Jusqu'ici, seuls douze pesticides et produits chimiques - la " sale douzaine " dont le DDT, les dioxines, les furanes et les PCB - figurent sur la liste noire de la Convention. Les délégations des 150 pays présents à Genève débattaient de la nécessité d'y adjoindre neuf poisons largement utilisés dans l'industrie électronique et textile. " Pour certains pays, on touche là à de très importants enjeux économiques ", explique Fatoumata Keita Ouane, attachée scientifique au secrétariat de la Convention de Stockholm. " Les neuf substances que nous recommandons d'ajouter sont encore largement produites et utilisées, alors que celles de la "sale douzaine" étaient plutôt des produits en fin de vie ", explique-t-elle.

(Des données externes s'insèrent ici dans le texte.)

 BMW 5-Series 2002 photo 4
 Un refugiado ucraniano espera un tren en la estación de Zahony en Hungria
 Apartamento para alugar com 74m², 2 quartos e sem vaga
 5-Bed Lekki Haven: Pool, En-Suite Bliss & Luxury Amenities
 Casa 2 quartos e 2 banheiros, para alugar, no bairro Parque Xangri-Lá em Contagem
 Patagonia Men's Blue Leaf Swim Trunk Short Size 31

Le sulfonate de perfluorooctane (PFOS), dont la Chine est le principal producteur, fait l'objet d'intenses négociations. Pékin a fait valoir son droit à obtenir " une assistance technique et financière " conséquente, en échange de possibles concessions. Le PFOS, interdit aux Etats-Unis (autrefois fabricant numéro un) et en Europe, est largement utilisé pour la fabrication des ordinateurs et des télévisions, contaminant les ouvriers, puis les utilisateurs. Il entre aussi dans la composition des imperméabilisants et des produits antitaches dont sont imprégnés certains textiles, et dans les mousses anti-incendie et les fluides hydrauliques. Autant de produits qui inondent les marchés européens et dont on connaît très mal le pouvoir de nuisance à long terme. " En ce qui concerne le PFOS, outre sa nocivité qui est connue, on ne sait même pas en combien d'années cette substance se dégrade ", fait remarquer Mme Keita Ouane.

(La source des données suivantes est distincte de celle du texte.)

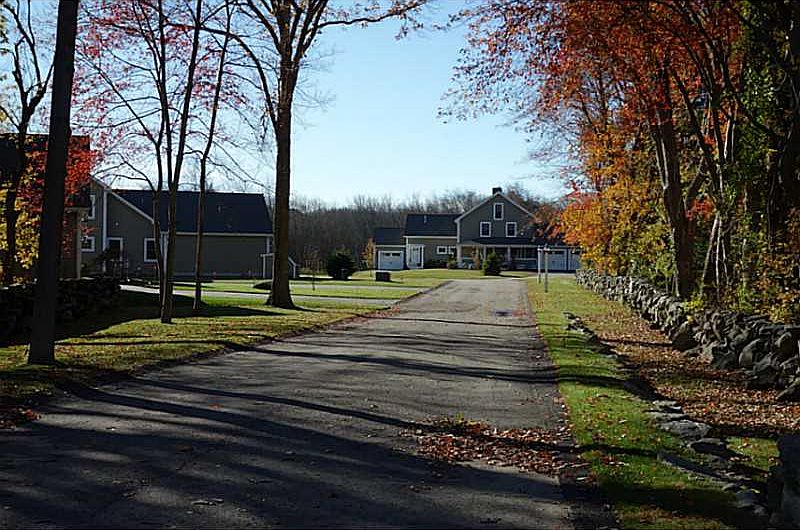 2nd image of 61 Hamilton Farm Rd #D1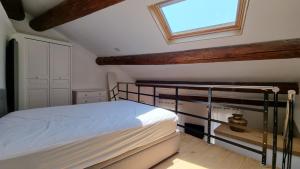 Ένα ή περισσότερα κρεβάτια σε δωμάτιο στο Grand loft rénové - Coeur du village médiéval - EQ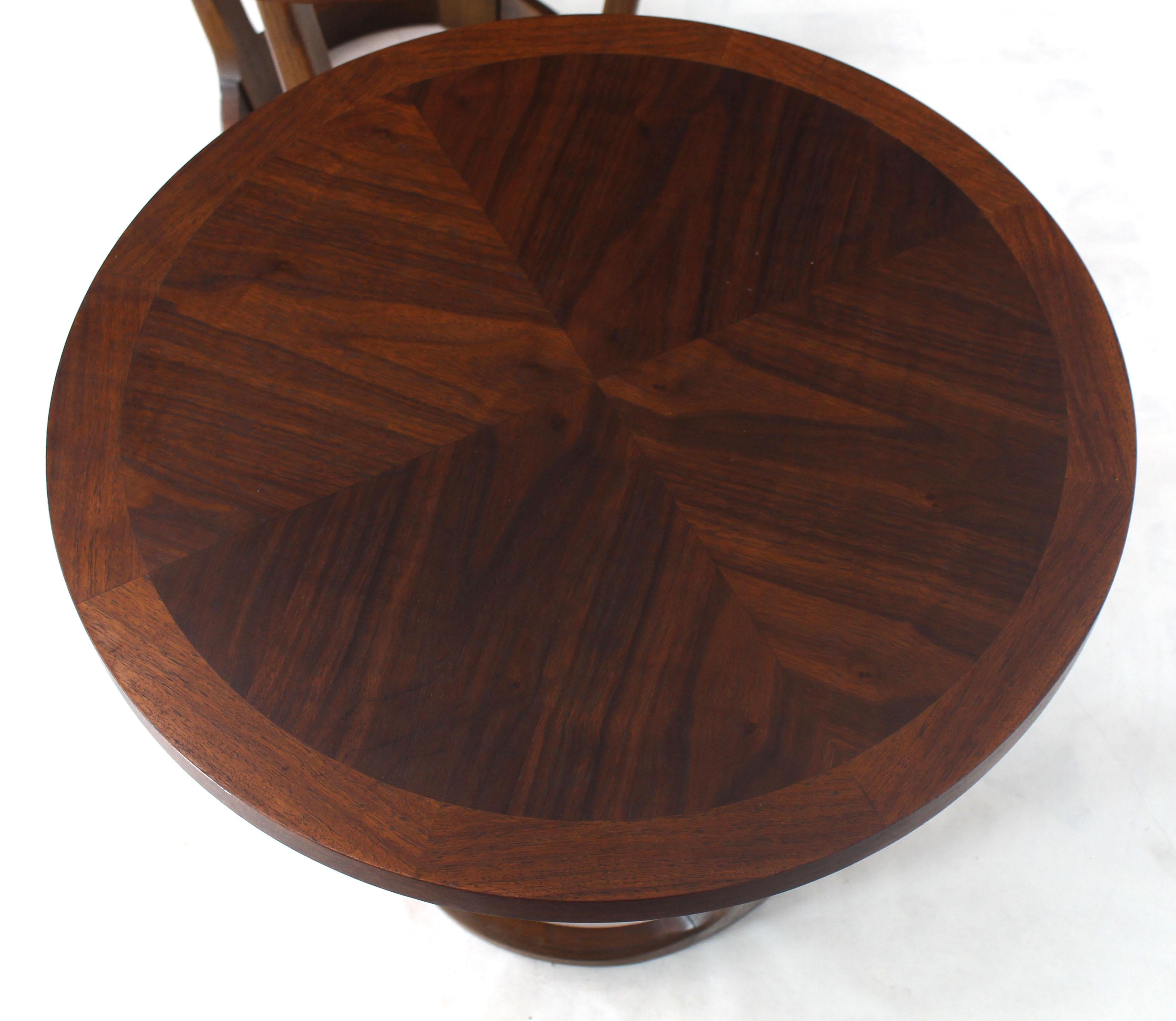 American Pair of Round Walnut End Tables Stands on Tapered Bases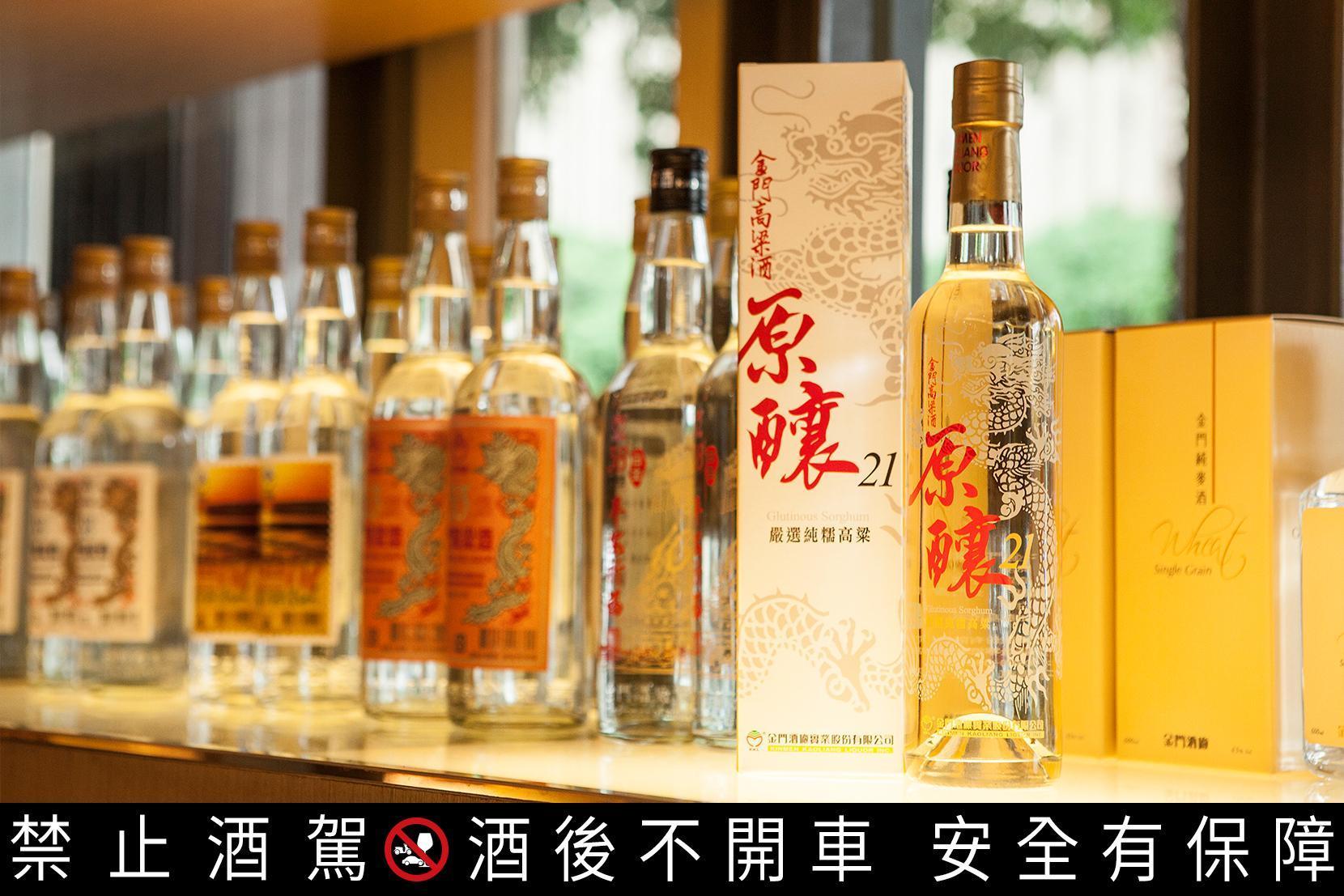 58度原釀21金門高粱酒是純糯釀造,入口微爽冽 糧香濃郁 韻甘甜富有飽滿香氣。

Autre produit sur la sellette : le lindane, un pesticide que seules le la Roumanie et l'Inde produisent encore, couramment utilisé dans les shampoings antipoux et en médecine vétérinaire dans de nombreux pays africains, asiatiques et sud-américains. L'Union européenne (UE) et les Etats-Unis l'ont interdit. La substance, qui est dite " bio-accumulative " (ses quantités augmentent à mesure qu'elle remonte la chaîne alimentaire), sert aussi à traiter les ananas et les semences de maïs, en particulier au Kenya, grand exportateur de produits agricoles vers l'Europe. A Genève, le Kenya cherche à obtenir une dérogation pour continuer à utiliser ce poison, comme le prévoit la Convention de Stockholm qui accorde des exemptions d'une durée maximale de cinq ans, sur présentation d'un rapport justificatif.
Enfin, le pentabromodiphényléther (PentaBDE) - et autres retardateurs de flammes -, encore massivement présent dans les pays en voie de développement, continue à provoquer de vifs débats. L'Union européenne, qui en a interdit l'utilisation, s'inquiète des problèmes de recyclage auxquels elle pourrait être confrontée si la substance était inscrite sur la liste des POP. Les produits qui en contiennent devraient alors être traités à part, ce qui entraînerait un véritable casse-tête et des coûts élevés.
Reste aussi à savoir dans quelle annexe de la convention ces neuf substances seront classées. L'annexe A regroupe les substances totalement interdites de production et dont l'utilisation est strictement limitée. L'annexe B, celles qui peuvent encore être produites et utilisées, comme le DDT, mais avec des " buts acceptables ".